:: Your goal ::
Skip every image and restate the data word for word.

:: Data segment ::
----------------------------------------

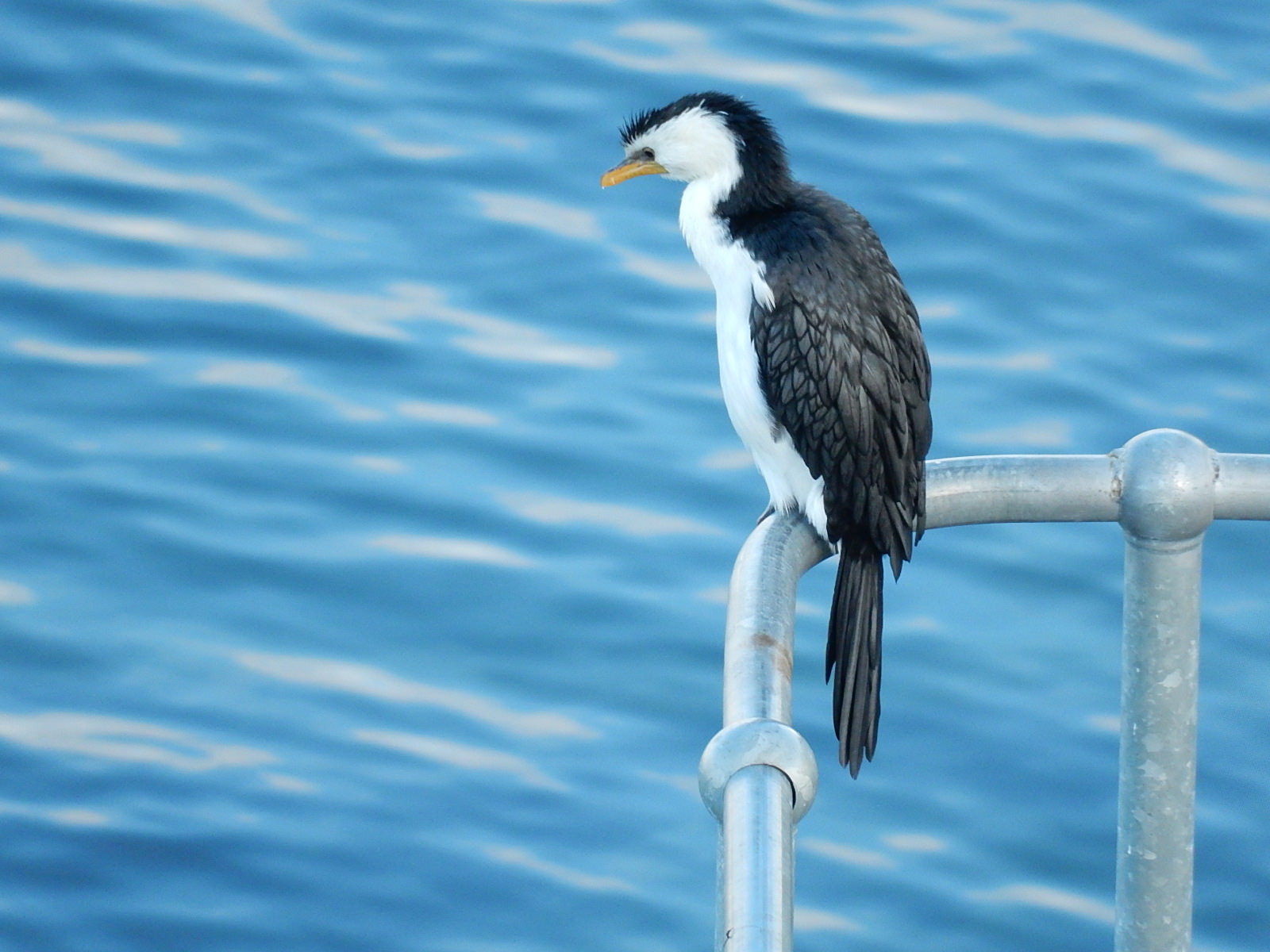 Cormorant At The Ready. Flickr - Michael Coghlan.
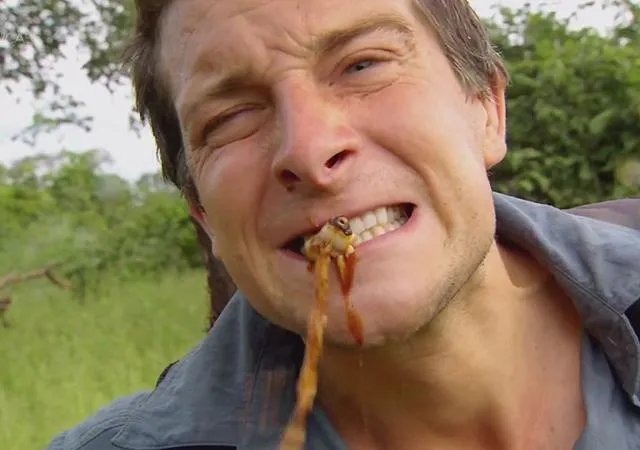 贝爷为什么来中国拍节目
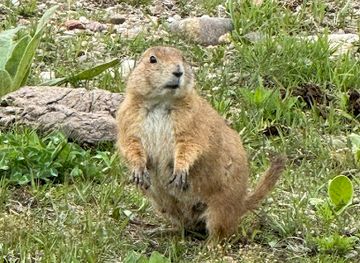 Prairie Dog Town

----------------------------------------

:: Reply to the exercise ::
 Cormorant At The Ready. Flickr - Michael Coghlan.
 贝爷为什么来中国拍节目
 Prairie Dog Town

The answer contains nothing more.